Hehe, no one cares?
Anyway, he had a lot of good stuff to say. First he gave his testimony, then he talked about how the bible we have today is the same as when it was first written. Like how we have somewhere around 24,000 manuscripts of the old testament to within 50 years of when it was written, but of other historical books, like Caeser's Gallic Wars, which only we have like around 9 manuscripts of it and the oldest is 1000 years after Caesers death.
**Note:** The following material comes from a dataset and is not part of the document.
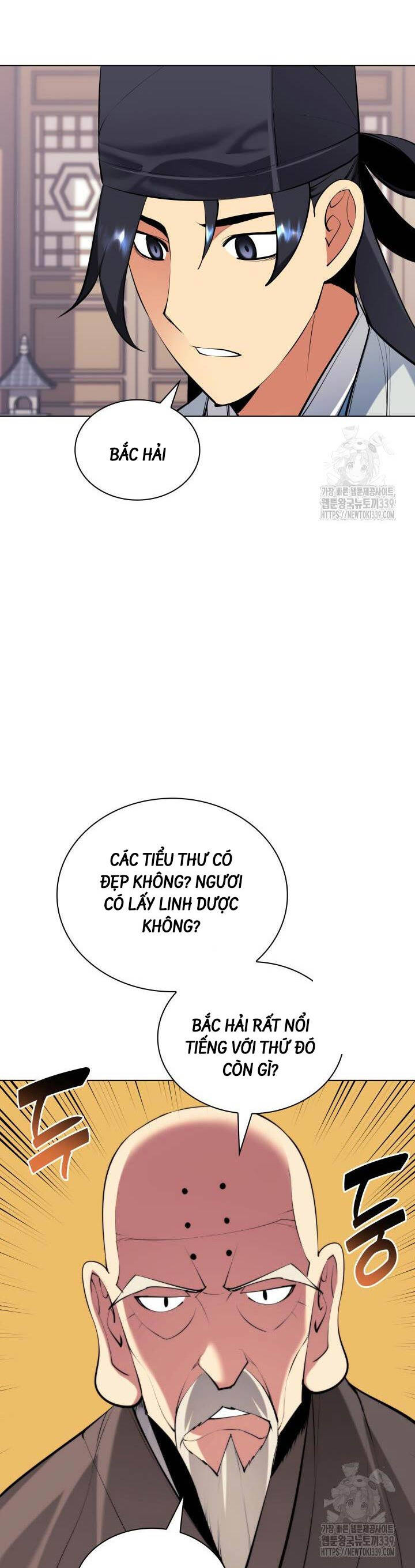 Học Giả Kiếm Sĩ Chapter 121 - Trang 2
Then he talked about 11 of the 12 disciples suffered brutal tortures and deaths, because of what they believed. Many people in history have died for lies, but they truly believed it was true. No one would die for a lie if they knew it wasn't true, because that goes against human nature. The apostles were eye witnesses, and so was everybody that was in the community that Jesus lived in. Everybody knew what Jesus did, and if someone tried to lie about what he did, someone would immediately correct them.
The last thing he talked about was love and sex and stuff like that. He asked 3 people to define love, and they did, but they had some different definitions. He said that if he asked everybody in the room to define love, there would probably be around 200 different definitions. Hardly anybody knows what love is. He showed us Ephesians 5:28, 29, which says that husbands should love their wives as they love themselves, for no one ever hated his own body, but nourishes it and cherishes it, as Christ does the church. We love our own bodies, by nourishing it and cherishing it. Nourish is to provide, like to provide wisdom and spirituality and the like, and cherish is to protect.
There was a lot more stuff too, of course, but I can't repeat it all that well, and I'm too lazy to type it all out.